• **TASK**
Using only the entries below, copy exactly the lines that begin at the one with "Keyless Entry Remote" and end at the one with "Полётный контроллер Foxeer", both included. Drop the pictures.

• **INFORMATION**
= = = = = = =

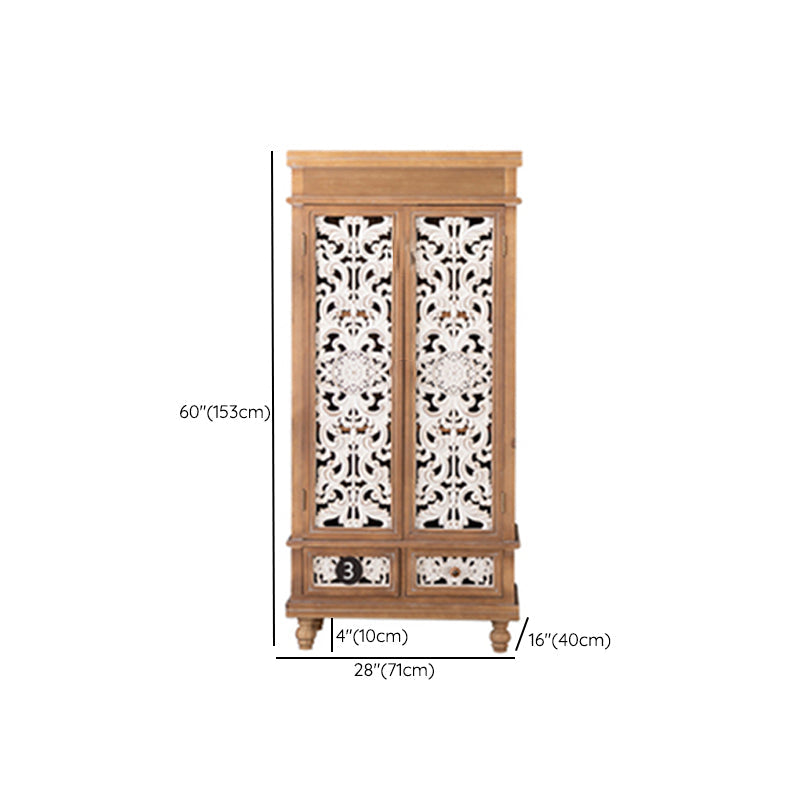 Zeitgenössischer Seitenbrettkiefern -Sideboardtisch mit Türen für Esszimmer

= = = = = = =

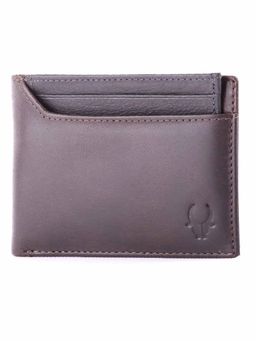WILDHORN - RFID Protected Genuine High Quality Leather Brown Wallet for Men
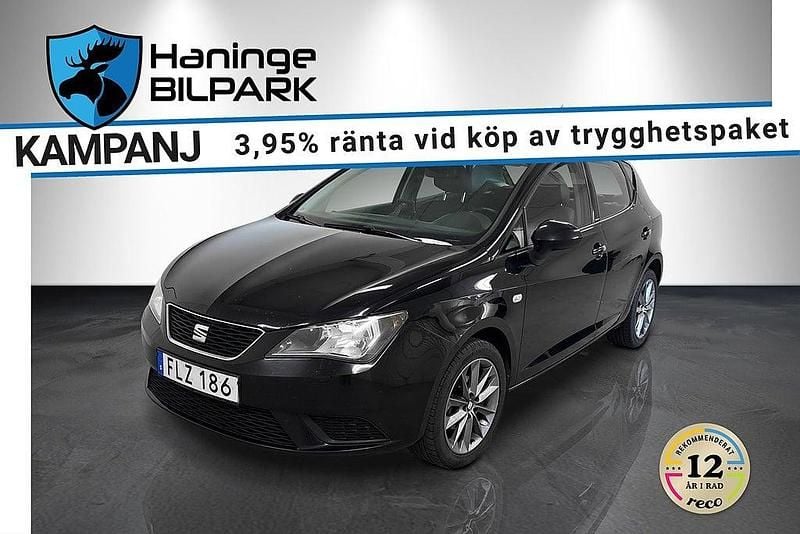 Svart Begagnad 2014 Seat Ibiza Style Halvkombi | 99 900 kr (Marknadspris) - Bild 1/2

= = = = = = =

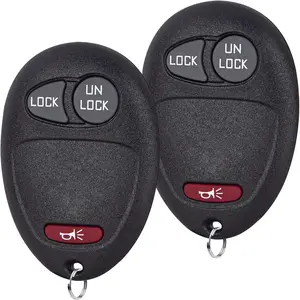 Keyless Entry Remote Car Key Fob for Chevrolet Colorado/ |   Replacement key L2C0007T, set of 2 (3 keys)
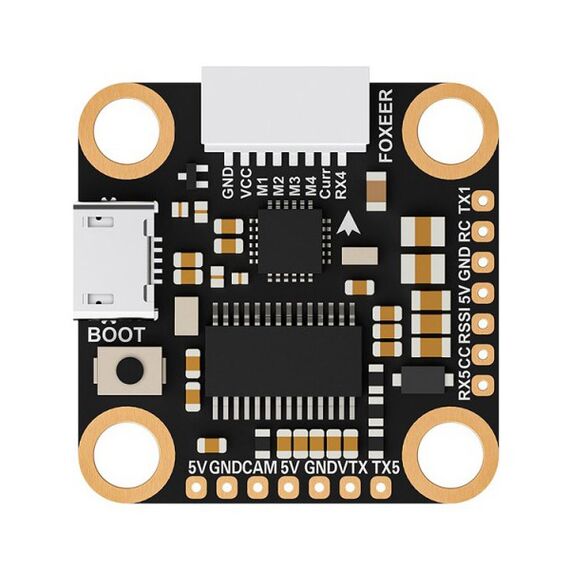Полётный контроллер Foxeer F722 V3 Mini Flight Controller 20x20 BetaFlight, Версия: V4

= = = = = = =

• **EXPECTED ANSWER**
 Keyless Entry Remote Car Key Fob for Chevrolet Colorado/ |   Replacement key L2C0007T, set of 2 (3 keys)
Полётный контроллер Foxeer F722 V3 Mini Flight Controller 20x20 BetaFlight, Версия: V4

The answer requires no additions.